Franklin Forks resident Tammy Manning with her granddaughter. WPX Energy dropped plans to remove water tanks it installed for the Mannings and a neighbor.

Susan Phillips / StateImpact Pennsylvania

Franklin Forks resident Tammy Manning with her granddaughter. WPX Energy dropped plans to remove water tanks it installed for the Mannings and a neighbor.


A natural gas drilling company has decided to donate water tanks to two Susquehanna County families after its plan to remove the water supplies attracted attention and criticism.
WPX Energy Inc. announced Friday that it had dropped plans to take back the tanks from the homes in Franklin Forks, according to the Associated Press.
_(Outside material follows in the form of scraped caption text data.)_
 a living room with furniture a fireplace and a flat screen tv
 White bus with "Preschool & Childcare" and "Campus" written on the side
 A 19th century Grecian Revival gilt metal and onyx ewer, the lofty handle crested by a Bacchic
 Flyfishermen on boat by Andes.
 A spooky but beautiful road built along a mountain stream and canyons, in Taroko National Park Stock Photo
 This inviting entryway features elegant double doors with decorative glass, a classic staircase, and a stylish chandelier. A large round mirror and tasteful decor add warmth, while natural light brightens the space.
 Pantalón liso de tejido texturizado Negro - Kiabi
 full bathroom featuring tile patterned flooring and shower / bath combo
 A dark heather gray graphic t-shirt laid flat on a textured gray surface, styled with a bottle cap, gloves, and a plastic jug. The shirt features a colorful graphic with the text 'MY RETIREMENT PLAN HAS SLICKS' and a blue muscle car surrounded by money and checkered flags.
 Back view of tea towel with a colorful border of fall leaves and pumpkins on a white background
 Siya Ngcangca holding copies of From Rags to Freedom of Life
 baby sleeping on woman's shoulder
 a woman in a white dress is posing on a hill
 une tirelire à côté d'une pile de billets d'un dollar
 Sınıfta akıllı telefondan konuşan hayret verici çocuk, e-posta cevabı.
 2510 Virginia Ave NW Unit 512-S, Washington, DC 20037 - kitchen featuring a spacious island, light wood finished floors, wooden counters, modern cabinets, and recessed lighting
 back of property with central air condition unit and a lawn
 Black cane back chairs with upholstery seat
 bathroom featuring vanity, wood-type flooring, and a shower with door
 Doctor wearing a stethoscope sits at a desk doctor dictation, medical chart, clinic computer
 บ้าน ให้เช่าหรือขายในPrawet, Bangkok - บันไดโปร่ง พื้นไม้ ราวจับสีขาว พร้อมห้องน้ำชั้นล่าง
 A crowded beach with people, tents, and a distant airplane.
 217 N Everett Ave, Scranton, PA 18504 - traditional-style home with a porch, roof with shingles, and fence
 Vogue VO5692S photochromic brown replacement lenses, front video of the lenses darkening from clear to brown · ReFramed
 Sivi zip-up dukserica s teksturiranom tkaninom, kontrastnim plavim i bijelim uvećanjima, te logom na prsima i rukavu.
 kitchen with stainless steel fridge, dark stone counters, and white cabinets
The company installed the tanks at three homes in early 2012 while state regulators and the company investigated the cause of high levels of methane, salt and metals in the families’ well water.
The state Department of Environmental Protection concluded this year that drilling was not to blame for the foul water, which is known to occur naturally in the region at a salt spring a mile and a half away. The residents have appealed that finding and sued the company.
On Saturday, Democratic gubernatorial candidate and former DEP secretary John Hanger said DEP had agreed to reopen its investigation to consider new data about the water wells.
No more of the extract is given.